Verlinde appreciates the piano mastery of Oscar Peterson, especially the mid 1960’s recordings titled Exclusively for My Friends with bassist Ray Brown and drummer Ed Thigpen. “Oscar is at the top of his form – energetic, fun. Oscar is a beast. I love [Art] Tatum sometimes, too, but he’s like a dessert that’s too rich.”
Classical pianist Glenn Gould’s 1981 recording of Bach’s Goldberg variations carved a deep impression. For five years, Verlinde played the recording on a loop while sleeping to instill the virtuous polyphony into his sub- conscious. In a small band, “bass and horn are jazz versions of Bach two-part inventions.”
“Two parts can create a lot of music.” Verlinde respects the “core values of music – melodic invention, symmetry and aesthetically pleasing devices.” In improvisation, Verlinde “takes material from a composer and plays a game of reinvention. Everything I do relates to that song.”
To maintain technique, Verlinde practices finger calisthenics with two-handed scales and arpeggios from the 1873 book The Virtuoso Pianist in Sixty Exercises by Charles-Louis Hanon. The book’s prefaces states: “This entire volume can be played through in an hour; and if, after it has been thoroughly mastered, it be repeated daily for a time, difficulties will disappear as if by enchantment, and that beautiful, clear, clean, pearling execution will have been acquired which is the secret of distinguished artists.”

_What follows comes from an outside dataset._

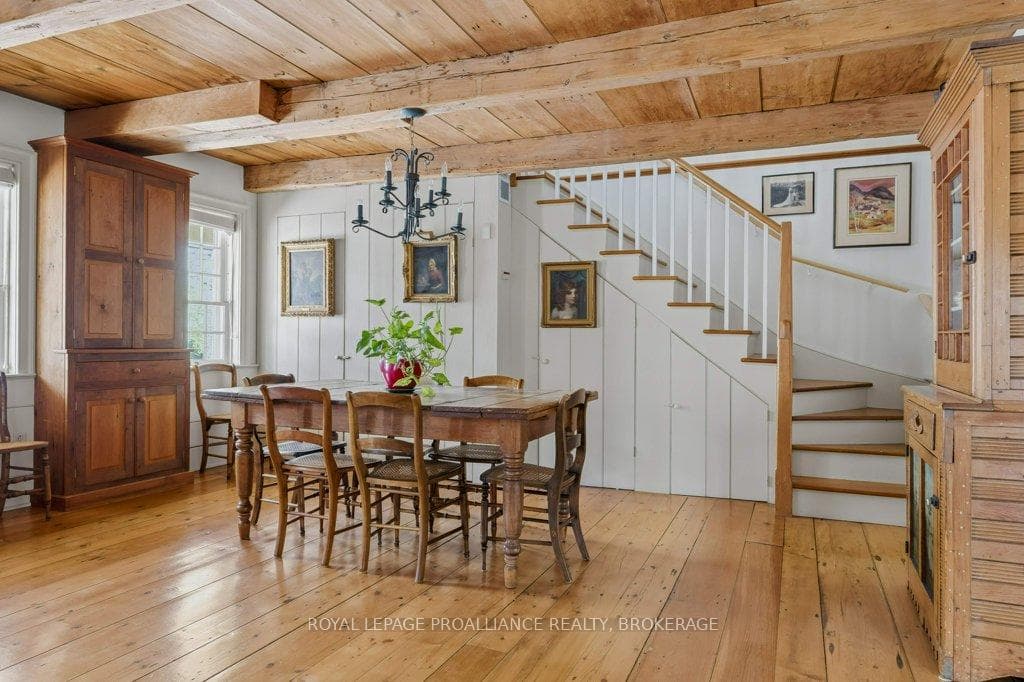 10 Drummond Street photo 10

One secret that Verlinde shares freely: “Find a good private teacher and put in the hours.” He tells his students that it takes a long time to hear the music. “The road to mastery is doing something every day and it will add up. It’s like climbing a mountain. If you try to get to the summit in one day, you will quickly encounter obstacles. If you carve a stone block every day to extend steps up the mountain, after a lifetime you will have a path to the top.” For Verlinde, like so many other jazz musicians, the daily stone blocks are basics – listening, transcribing, sight reading, time and learning musical vocabulary.
A brief biography:
after attending a performance of the “Nutcracker”
with its live orchestra and a cast of dancers in colorful
costumes, pianist/composer Eric Verlinde begged his
family to buy him an instrument. “Of course,
I fell in love with it,” he said. “I thought
it was one of the most powerful things you could experience,
so I wanted to be a part of it.”
At intermission, he walked over to the orchestra pit
and peered down at the musicians. “I just totally
felt that was what I needed to do,” he said.
That Christmas, his family surprised him with a small
electric piano that had a record player attached to
it. His parents also
saved up to eventually purchase
him an upright piano from a local daycare facility.
The family’s limited finances did not stop them
from encouraging Eric to follow his dream.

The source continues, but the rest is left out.